─── Data segment ───

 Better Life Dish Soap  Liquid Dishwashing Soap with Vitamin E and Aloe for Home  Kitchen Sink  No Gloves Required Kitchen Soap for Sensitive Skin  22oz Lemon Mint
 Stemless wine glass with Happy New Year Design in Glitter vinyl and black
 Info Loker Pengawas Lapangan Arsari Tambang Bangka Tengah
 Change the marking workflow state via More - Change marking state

───

Repeat exactly the lines above, starting with the line that contains "Info Loker Pengawas" and ending with the last line, both included, and nothing else.

 Info Loker Pengawas Lapangan Arsari Tambang Bangka Tengah
 Change the marking workflow state via More - Change marking state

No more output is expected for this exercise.